Re: Thread Communication Conceptual Question
Re: Thread Communication Conceptual Question
- Subject: Re: Thread Communication Conceptual Question
- From: Alastair Houghton <email@hidden>
- Date: Thu, 2 Aug 2007 11:34:52 +0100
On 2 Aug 2007, at 11:22, Filipe Varela wrote:
Chris, you're positively right as far as Cocoa apps go. There's no
need to get to the low-level uglyness i described.
Chris is right for other (non-Cocoa) apps too.
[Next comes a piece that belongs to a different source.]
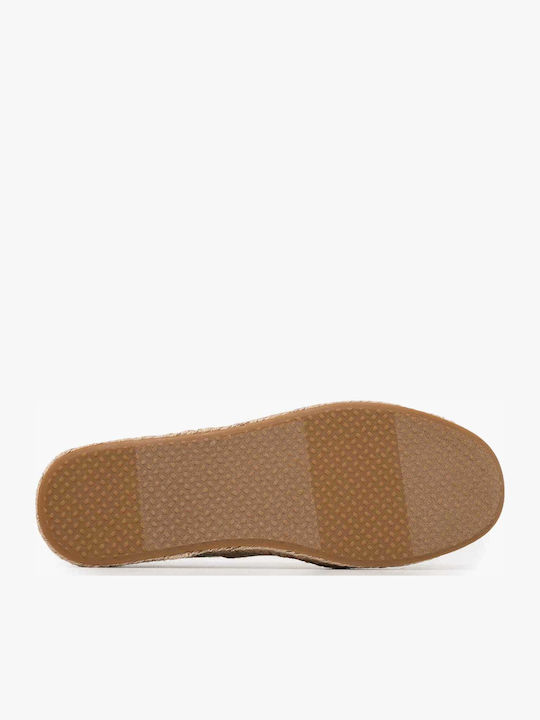 Fabric Women's Espadrilles in Beige Colour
Now this is a Cocoa list so this could get off-topic real quick.
Yep.
Moving a bit closer to topic:
In this case, you could use a simple function with a pointer to the
data and a mutex to signal availability/change of data.
ie, main thread loop:
test mutex (non blocking test&set) {
// got here? we're unlocked
if data messed flag is set {
do stuff on data
unset flag
}
}
keep exec'ing loop
data producer/updated thread loop:
mess with work data
need to signal update? {
lock mutex
copy work data to shared data
set data messed flag to true
unlock mutex
}
I use this to track download progress in a plain ansi-c downloader
context.
The data messed flag is used to prevent the main thread to exec
stuff on data more often than necessary because it's possible to
get an unlocked mutex without having a data change...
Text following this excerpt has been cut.